**Image-caption web data:**
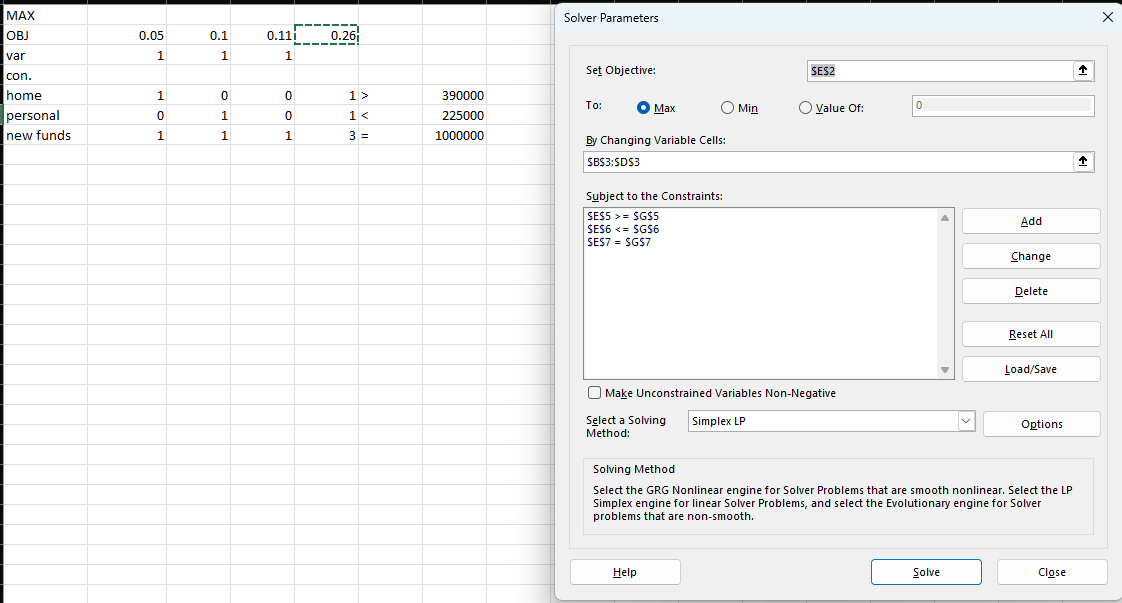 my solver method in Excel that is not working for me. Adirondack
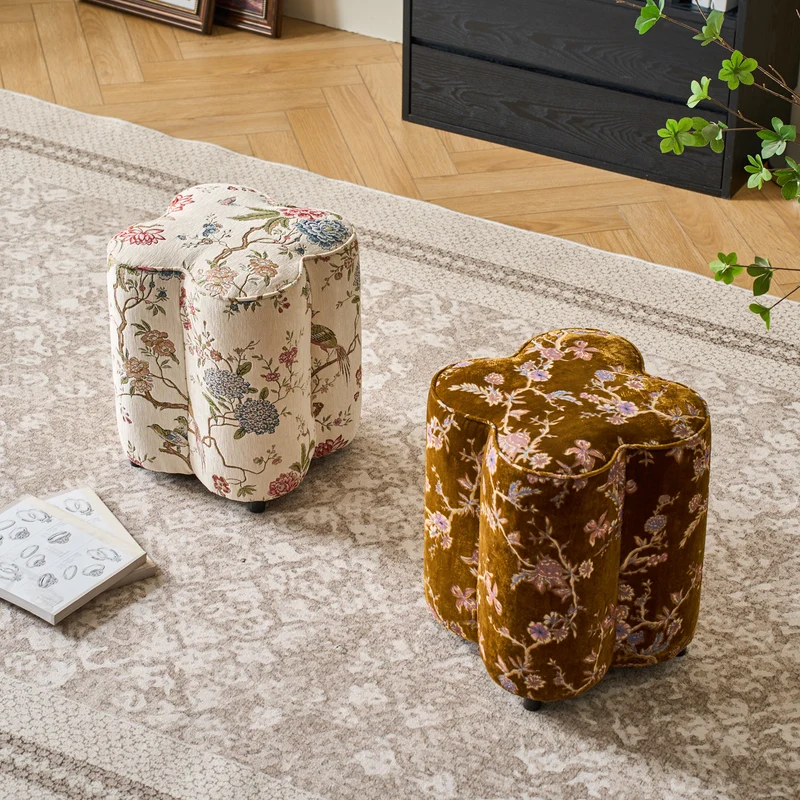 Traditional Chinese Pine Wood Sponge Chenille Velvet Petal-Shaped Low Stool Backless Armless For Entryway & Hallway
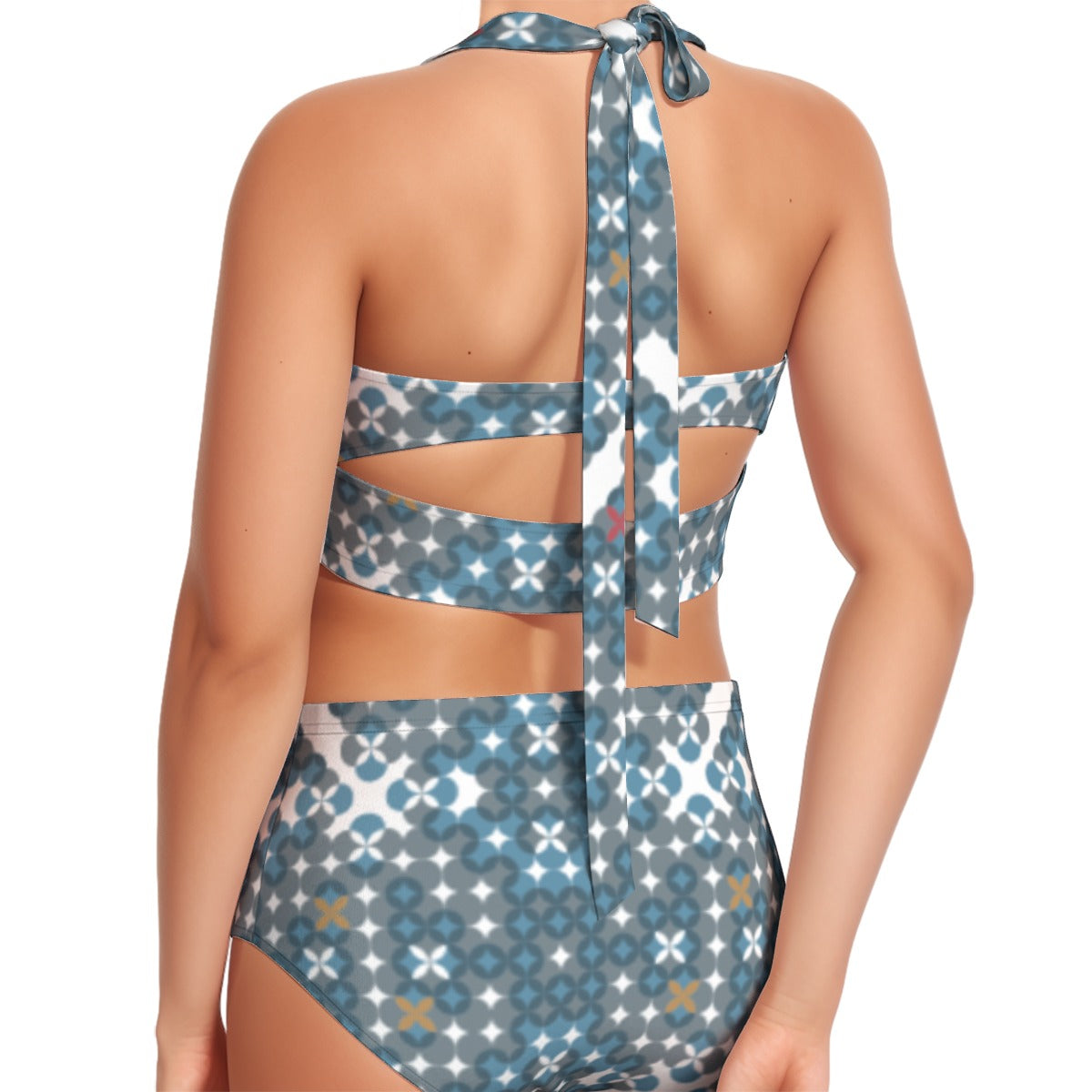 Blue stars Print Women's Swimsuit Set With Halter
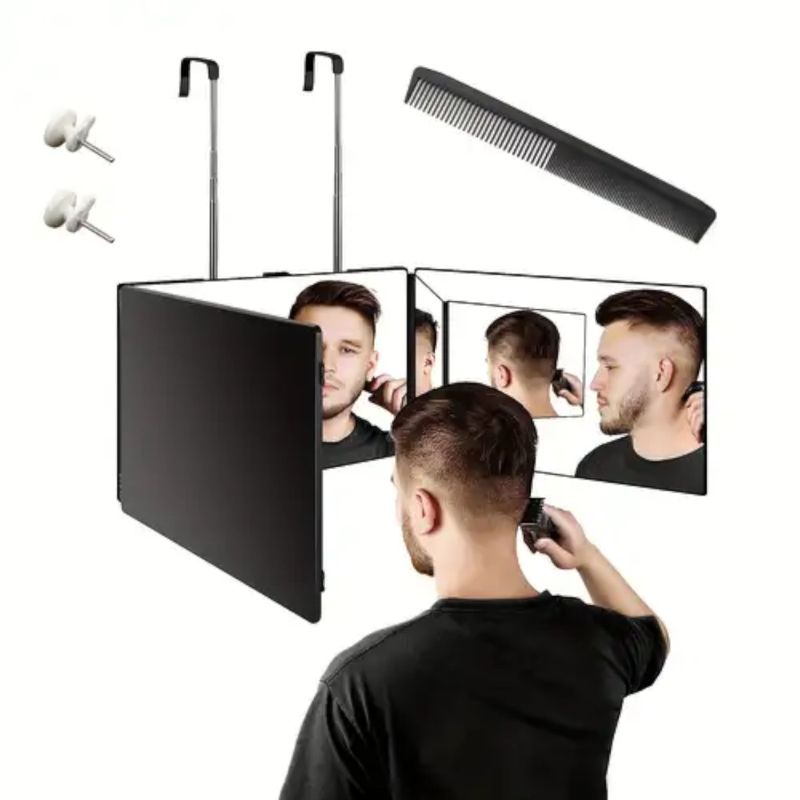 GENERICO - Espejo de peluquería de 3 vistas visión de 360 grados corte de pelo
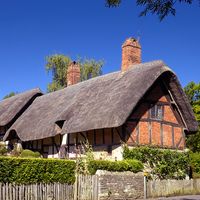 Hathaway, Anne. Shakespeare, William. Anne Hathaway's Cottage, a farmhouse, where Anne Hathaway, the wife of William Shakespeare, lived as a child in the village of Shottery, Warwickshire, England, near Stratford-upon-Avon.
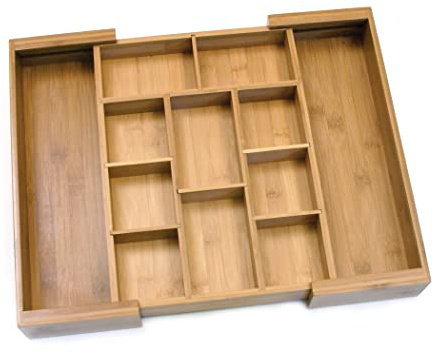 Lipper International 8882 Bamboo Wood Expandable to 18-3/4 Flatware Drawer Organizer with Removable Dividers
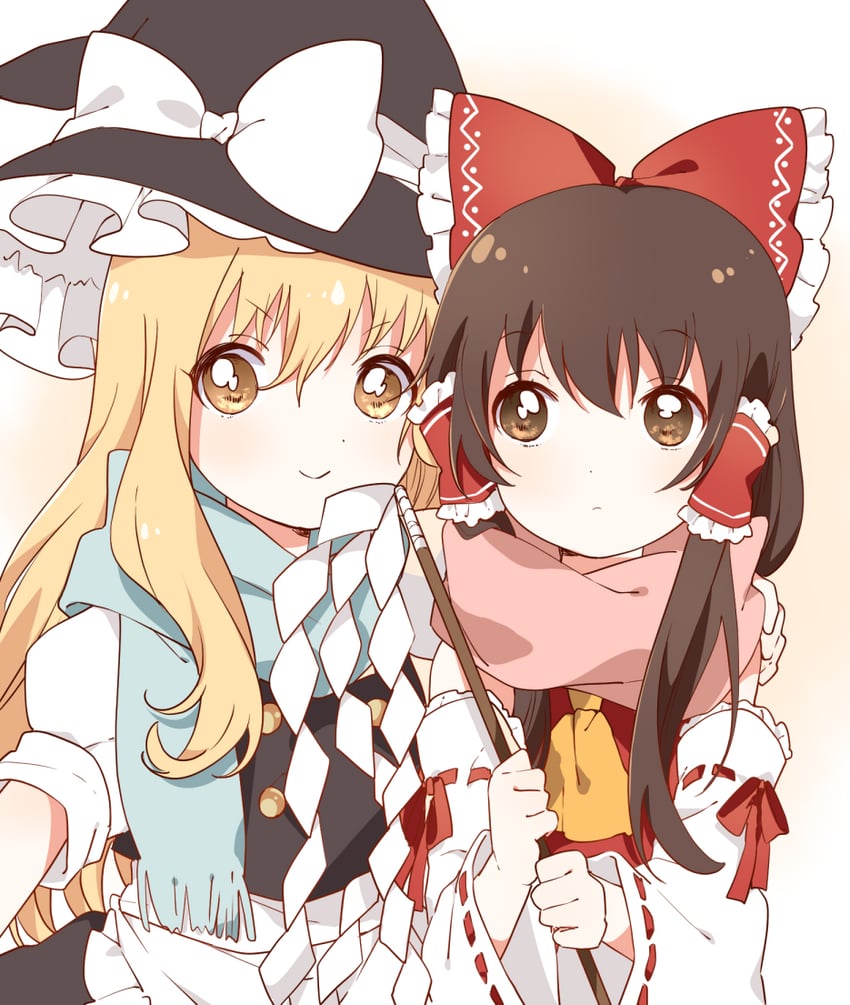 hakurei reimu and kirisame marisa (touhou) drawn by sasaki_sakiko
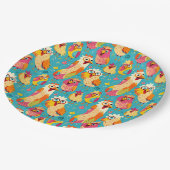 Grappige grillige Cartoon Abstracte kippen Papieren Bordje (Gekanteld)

**TO DO:** What are the lines from the one containing "hakurei reimu and" through the end of the records? Write them out exactly, leaving out the pictures.

**WRITTEN REPLY:**
 hakurei reimu and kirisame marisa (touhou) drawn by sasaki_sakiko
 Grappige grillige Cartoon Abstracte kippen Papieren Bordje (Gekanteld)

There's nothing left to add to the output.